Assim os dias que chamei acidentalmente de finados se passaram, com e sem finados. Injustos, caem um dia e não consigo ir buscá-los. Não são do meu rebanho. Vejo-os todas as semanas. Ajudo-os (quero pensar que sim) todas as semanas. Ficaremos fartos uns dos outros. Alguns não chegaram a ficar fartos. Foram-se embora. E se por vezes a morte pode ser santa, ou quase, noutros casos a passagem só acontece depois de tortuosos recortes técnicos inimagináveis.
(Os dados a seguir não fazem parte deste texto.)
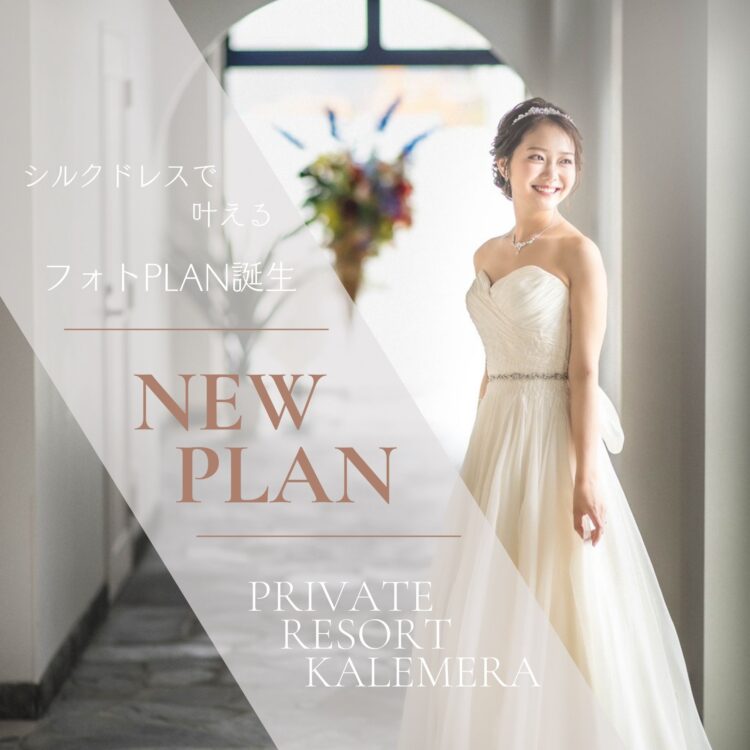 グランマニエドレスで叶えるフォトPLAN誕生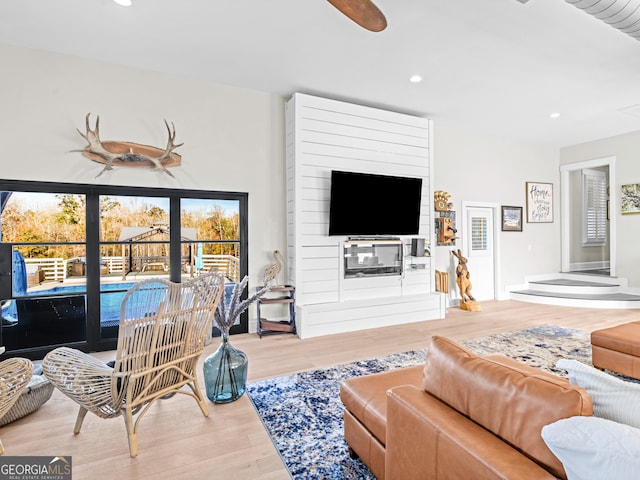 living room featuring hardwood / wood-style flooring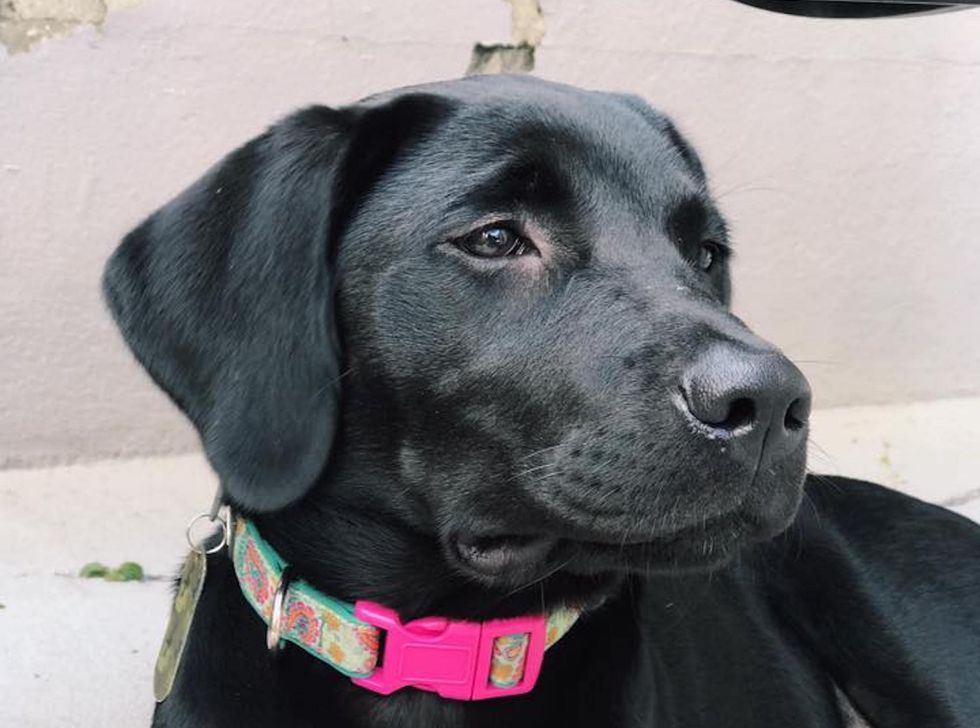 16 Reasons I Would Trade Lives With My Dog, No Hesitation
Não gosto de perder pessoas; posso pensar que estão agora num sítio melhor. Não gosto de saber que sofreram por isso. Não gosto de saber que não há nada que eu pudesse fazer para o evitar, embora o meu conflito não seja com a morte, mas com a ausência, por um lado, e pelos danos imorais que se podem causar a doentes crónicos.
Não posso ser múltipla. Não posso estar em todo o lado. Não sou “super” nem aditivada. Ao mesmo tempo, salvei uma vida, salvámos uma vida, duas equipas, alguns fármacos, ambus e pás. Tive que ser voz de comando. Mas a voz de comando saiu-me, tal como as compressões e as desfibrilhações. Cenário real. Nunca pensei nisso, não me inebriou pensar nisso, “salvei uma vida”.
As vidas não se escolhem, não se trocam. Num sistema de contagem de cabeças, substituem-se depressa. O sistema recicla. Há muita procura. Quem caiu ontem deixou o lugar vago. Hoje está ocupado. Ser doente crónico está para além do que eu consigo descrever. Há um vómito cá dentro contra a maneira como se destratam as pessoas.
Como se estivesse todos os dias a ver se tudo corre bem, e atrás de mim estiver um atirador furtivo (que não me vê e que eu não vejo), à espera, na selva, pelo sinal de atirar.